Apply SUM( where date between date1 and date2)

My table is currently looking like this:
+---------+---------------+------------+------------------+
| Segment | Product | Pre_Date | ON_Prepaid |
+---------+---------------+------------+------------------+
| RB | 01. Auto Loan | 2020-01-01 | 10645976180.0000 |
| RB | 01. Auto Loan | 2020-01-02 | 4489547174.0000 |
| RB | 01. Auto Loan | 2020-01-03 | 1853117000.0000 |
| RB | 01. Auto Loan | 2020-01-04 | 9350258448.0000 |
+---------+---------------+------------+------------------+
I'm trying to sum values of 'ON_Prepaid' over the course of 7 days, let's say from '2020-01-01' to '2020-01-07'.
Here is what I've tried
drop table if exists ##Prepay_summary_cash
select *,
[1W_Prepaid] = sum(ON_Prepaid) over (partition by SEGMENT, PRODUCT order by PRE_DATE rows between 1 following and 7 following),
[2W_Prepaid] = sum(ON_Prepaid) over (partition by SEGMENT, PRODUCT order by PRE_DATE rows between 8 following and 14 following),
[3W_Prepaid] = sum(ON_Prepaid) over (partition by SEGMENT, PRODUCT order by PRE_DATE rows between 15 following and 21 following),
[1M_Prepaid] = sum(ON_Prepaid) over (partition by SEGMENT, PRODUCT order by PRE_DATE rows between 22 following and 30 following),
[1.5M_Prepaid] = sum(ON_Prepaid) over (partition by SEGMENT, PRODUCT order by PRE_DATE rows between 31 following and 45 following),
[2M_Prepaid] = sum(ON_Prepaid) over (partition by SEGMENT, PRODUCT order by PRE_DATE rows between 46 following and 60 following),
[3M_Prepaid] = sum(ON_Prepaid) over (partition by SEGMENT, PRODUCT order by PRE_DATE rows between 61 following and 90 following),
[6M_Prepaid] = sum(ON_Prepaid) over (partition by SEGMENT, PRODUCT order by PRE_DATE rows between 91 following and 181 following)
into ##Prepay_summary_cash
from ##Prepay1
Things should be fine if the dates are continuous; however, there are some missing days in 'Pre_Date' (you know banks don't work on Sundays, etc.).
So I'm trying to work on something like
[1W] = SUM(ON_Prepaid) over (where Pre_date between dateadd(d,1,Pre_date) and dateadd(d,7,Pre_date))
something like that.

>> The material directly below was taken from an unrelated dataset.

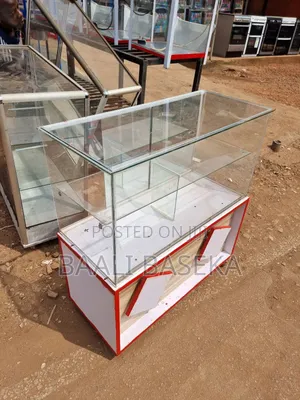 Highly Demanded Glass Display/Good Glasses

So if per se there's no record on 2020-01-05, the result should only sum the dates on the 1,2,3,4,6,7 of Jan 2020, instead of 1,2,3,4,6,7,8 (8 because of "rows 7 following"). Or for example I have missing records over the span of 30 days or something, then all those 30 should be summed as 0s. So 45 days should return only the value of 15 days.
I've tried looking up all over the forum and the answers did not suffice. Can you guys please help me out? Or link me to a thread which the problem had already been solved.
Thank you so much.
Things should be fine if the dates are continuous
Then make them continuous. Left join your real data (grouped up so it is one row per day) onto your calendar table (make one, or use a recursive cte to generate you a list of 360 dates from X hence) and your query will work out
WITH d as
(
SELECT *
FROM
(
SELECT *
FROM cal
CROSS JOIN
(SELECT DISTINCT segment s, product p FROM ##Prepay1) x
) c
LEFT JOIN ##Prepay1 p
ON
c.d = p.pre_date AND
c.segment = p.segment AND
c.product = p.product
WHERE
c.d BETWEEN '2020-01-01' AND '2021-01-01' -- date range on c.d not c.pre_date
)
--use d.d/s/p not d.pre_date/segment/product in your query (sometimes the latter are null)
select *,
[1W_Prepaid] = sum(ON_Prepaid) over (partition by s, s order by d.d rows between 1 following and 7 following),
...
CAL is just a table with a single column of dates, one per day, no time, extending for n thousand days into the past/future
Wish to note that months have variable number of days so 6M is a bit of a misnomer.. might be better to call the month ones 180D, 90D etc
Also want to point out that your query performs a per row division of your data into into groups. If you want to perform sums up to 180 days after the date of the row you need to pull a year's worth of data so that on row 180(June) you have the December data available to sum (dec being 6 months from June)
If you then want to restrict your query to only showing up to June (but including data summed from 6 months after June) you need to wrap it all again in a sub query. You cannot "where between jan and jun" in the query that does the sum over because where clauses are done before window clauses (doing so will remove the dec data before it is summed)
Some other databases make this easier, Oracle and Postgres spring to mind; they can perform sum in a range where the other rows values are within some distance of the current row's values. SQL server only usefully supports distancing based on a row's index rather than its values (the distancing-based-on-values support is limited to "rows that have the same value", rather than "rows that have values n higher or lower than the current row"). I suppose the requirement could be met with a cross apply, or a coordinated sub in the select, though I'd be careful to check the performance..
SELECT *,
(SELECT SUM(tt.a) FROM x tt WHERE t.x = tt.x AND tt.y = t.y AND tt.z BETWEEN DATEADD(d, 1, t.z) AND DATEADD(d, 7, t.z) AS 1W
FROM
x t

How to count no of days per user on a rolling basis in Oracle SQL?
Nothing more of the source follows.